Single by H.E.R.

from the album Back of My Mind
- Released: October 21, 2020
- Genre: R&B
- Length: 3:43
- Label: RCA
- Songwriters: Gabriella Wilson; Tiara Thomas; Ant Clemons; Carl McCormick; Jeff Gitelman; James Harris; Terry Lewis;
- Producers: Cardiak; Jeff "Gitty" Gitelman;

H.E.R. singles chronology
| "Smile" (2020) | "Damage" (2020) | "Girl like Me" (2021) |

Music video
- "Damage" on YouTube

= Damage (H.E.R. song) =

2020 single by H.E.R.

"Damage" is a song by American singer H.E.R., released on October 21, 2020, through RCA Records as the second single from her debut studio album Back of My Mind (2021).

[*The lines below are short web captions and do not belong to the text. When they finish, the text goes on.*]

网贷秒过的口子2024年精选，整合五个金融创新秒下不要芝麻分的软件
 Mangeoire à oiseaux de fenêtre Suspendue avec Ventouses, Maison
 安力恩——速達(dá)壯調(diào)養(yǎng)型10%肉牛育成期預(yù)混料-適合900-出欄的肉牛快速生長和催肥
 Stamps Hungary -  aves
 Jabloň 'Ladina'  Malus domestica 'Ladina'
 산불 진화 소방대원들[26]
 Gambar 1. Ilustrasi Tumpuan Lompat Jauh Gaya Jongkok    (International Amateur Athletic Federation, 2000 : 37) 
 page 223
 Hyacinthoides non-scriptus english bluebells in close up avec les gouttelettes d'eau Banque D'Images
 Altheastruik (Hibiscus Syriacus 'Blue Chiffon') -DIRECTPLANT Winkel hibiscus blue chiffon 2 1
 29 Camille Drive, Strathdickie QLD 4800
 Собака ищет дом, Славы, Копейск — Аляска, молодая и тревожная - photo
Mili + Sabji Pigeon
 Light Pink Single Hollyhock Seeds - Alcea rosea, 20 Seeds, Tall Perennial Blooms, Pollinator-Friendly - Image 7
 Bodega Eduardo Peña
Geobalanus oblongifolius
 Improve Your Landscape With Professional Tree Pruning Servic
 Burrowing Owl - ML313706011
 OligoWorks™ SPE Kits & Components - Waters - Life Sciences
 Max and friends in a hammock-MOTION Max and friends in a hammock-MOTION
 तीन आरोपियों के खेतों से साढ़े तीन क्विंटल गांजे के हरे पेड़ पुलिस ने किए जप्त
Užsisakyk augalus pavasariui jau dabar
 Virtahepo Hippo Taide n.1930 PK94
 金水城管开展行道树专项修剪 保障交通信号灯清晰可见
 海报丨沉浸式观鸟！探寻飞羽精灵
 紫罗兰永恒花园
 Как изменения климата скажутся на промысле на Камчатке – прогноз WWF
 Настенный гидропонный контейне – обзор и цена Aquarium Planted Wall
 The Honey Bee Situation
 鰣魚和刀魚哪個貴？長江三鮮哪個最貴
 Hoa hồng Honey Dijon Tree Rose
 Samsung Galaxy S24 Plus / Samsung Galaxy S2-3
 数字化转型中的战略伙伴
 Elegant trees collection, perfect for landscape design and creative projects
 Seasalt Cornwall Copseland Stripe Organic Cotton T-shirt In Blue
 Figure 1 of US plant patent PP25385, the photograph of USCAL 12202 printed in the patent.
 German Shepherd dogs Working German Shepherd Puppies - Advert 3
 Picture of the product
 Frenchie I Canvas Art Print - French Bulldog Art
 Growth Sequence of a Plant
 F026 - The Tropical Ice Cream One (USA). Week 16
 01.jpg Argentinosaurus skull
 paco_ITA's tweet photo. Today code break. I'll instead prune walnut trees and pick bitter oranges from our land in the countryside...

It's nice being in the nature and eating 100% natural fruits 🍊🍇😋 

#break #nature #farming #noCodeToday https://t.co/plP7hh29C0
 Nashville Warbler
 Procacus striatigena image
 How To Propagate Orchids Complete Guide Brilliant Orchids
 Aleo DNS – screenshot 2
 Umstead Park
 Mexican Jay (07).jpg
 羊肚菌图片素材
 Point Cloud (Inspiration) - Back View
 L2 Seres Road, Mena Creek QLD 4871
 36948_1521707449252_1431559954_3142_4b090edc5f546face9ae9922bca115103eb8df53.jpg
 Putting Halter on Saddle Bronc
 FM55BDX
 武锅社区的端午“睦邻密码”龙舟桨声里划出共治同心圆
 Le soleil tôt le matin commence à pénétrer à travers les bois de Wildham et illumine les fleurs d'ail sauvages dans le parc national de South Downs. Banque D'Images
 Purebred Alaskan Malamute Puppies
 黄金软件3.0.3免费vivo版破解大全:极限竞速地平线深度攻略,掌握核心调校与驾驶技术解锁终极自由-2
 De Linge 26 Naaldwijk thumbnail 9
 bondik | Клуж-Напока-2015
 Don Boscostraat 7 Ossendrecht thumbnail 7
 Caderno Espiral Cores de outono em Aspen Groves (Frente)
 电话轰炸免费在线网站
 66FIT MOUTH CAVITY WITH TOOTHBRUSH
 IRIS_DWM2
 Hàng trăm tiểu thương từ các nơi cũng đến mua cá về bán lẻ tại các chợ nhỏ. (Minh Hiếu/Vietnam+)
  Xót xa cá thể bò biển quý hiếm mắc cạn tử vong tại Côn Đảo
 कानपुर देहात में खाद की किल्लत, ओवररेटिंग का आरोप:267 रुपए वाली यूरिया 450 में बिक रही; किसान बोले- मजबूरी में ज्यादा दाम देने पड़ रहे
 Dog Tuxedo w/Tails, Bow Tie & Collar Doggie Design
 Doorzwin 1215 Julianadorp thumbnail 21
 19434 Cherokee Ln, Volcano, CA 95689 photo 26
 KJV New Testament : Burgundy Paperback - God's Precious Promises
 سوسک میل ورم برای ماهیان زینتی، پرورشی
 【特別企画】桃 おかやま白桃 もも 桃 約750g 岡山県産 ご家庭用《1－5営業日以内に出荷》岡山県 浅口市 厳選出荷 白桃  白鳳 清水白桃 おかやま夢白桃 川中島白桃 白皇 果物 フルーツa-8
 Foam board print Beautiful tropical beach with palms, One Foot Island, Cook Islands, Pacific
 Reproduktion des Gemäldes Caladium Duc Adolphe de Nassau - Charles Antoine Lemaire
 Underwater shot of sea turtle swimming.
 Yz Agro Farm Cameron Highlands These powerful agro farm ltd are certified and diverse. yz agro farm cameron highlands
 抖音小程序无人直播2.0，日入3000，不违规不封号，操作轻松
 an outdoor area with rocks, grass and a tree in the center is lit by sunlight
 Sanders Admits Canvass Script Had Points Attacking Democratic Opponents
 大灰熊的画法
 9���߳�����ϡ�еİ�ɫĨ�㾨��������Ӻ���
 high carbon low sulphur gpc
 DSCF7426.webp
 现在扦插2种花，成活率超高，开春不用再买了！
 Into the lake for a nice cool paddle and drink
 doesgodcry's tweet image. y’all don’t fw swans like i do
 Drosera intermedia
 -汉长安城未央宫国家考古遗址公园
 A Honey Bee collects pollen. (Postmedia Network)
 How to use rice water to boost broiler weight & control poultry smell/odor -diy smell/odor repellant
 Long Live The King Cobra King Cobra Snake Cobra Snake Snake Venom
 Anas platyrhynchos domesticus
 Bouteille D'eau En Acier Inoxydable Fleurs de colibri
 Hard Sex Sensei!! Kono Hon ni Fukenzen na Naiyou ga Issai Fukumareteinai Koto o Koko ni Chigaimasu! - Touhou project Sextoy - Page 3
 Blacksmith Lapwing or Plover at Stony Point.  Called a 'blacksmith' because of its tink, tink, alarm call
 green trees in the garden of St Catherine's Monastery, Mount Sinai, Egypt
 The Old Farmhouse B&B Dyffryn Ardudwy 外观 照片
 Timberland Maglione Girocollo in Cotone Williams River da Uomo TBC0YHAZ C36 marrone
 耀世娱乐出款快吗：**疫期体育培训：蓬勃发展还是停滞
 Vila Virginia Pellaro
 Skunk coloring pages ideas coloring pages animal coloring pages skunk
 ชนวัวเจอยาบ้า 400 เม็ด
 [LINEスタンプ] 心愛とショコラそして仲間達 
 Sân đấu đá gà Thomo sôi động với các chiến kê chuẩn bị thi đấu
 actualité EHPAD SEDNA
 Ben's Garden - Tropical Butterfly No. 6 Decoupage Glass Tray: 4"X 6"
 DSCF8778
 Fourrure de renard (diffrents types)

It was written alongside Ant Clemons, Tiara Thomas, and producers Cardiak & Jeffy "Gitty" Gitelman, with Jimmy Jam and Terry Lewis receiving writing credits for the sampling of Herb Alpert's 1987 song "Making Love in the Rain".

==Music video==
The music video, directed by choreographer Galen Hooks, was released on October 21, 2020. It was filmed at the Roxie Theatre in Los Angeles, H.E.R. performed at this with her band.

==Live performance==
On October 24, 2020, H.E.R. debuted "Damage" as guest on the Adele-hosted episode of Saturday Night Live.

==Accolades==

| Year | Year | Category | Result | Ref. |
| 2021 | American Music Awards | Favorite Soul/R&B Song | Nominated |  |
| 2022 | Grammy Awards | Best R&B Performance | Nominated |  |
| Best R&B Song | Nominated |
| iHeartRadio Music Awards | R&B Song of the Year | Nominated |  |
| NAACP Image Awards | Outstanding R&B/Soul Song | Nominated |  |

==Commercial performance==
On May 13, 2021, "Damage" was certified platinum by the RIAA with more than 1 million equivalent units sold. On June 17, 2021, it was announced that it reached number one on R&B radio.

==Charts==

===Weekly charts===

Weekly chart performance for "Damage"
| Chart (2020–2021) | Peak position |
|---|---|
| New Zealand Hot Singles (RMNZ) | 28 |
| US Billboard Hot 100 | 44 |
| US Hot R&B/Hip-Hop Songs (Billboard) | 16 |
| US Rhythmic Airplay (Billboard) | 9 |

===Year-end charts===

Year-end chart performance for "Damage"
| Chart (2021) | Position |
|---|---|
| US Hot R&B/Hip-Hop Songs (Billboard) | 45 |
| US R&B/Hip-Hop Airplay (Billboard) | 1 |
| US Rhythmic (Billboard) | 41 |

==Certifications==

| Region | Certification | Certified units/sales |
| New Zealand (RMNZ) | Gold | 15,000^{‡} |
| United States (RIAA) | 2× Platinum | 2,000,000^{‡} |
^{‡} Sales+streaming figures based on certification alone.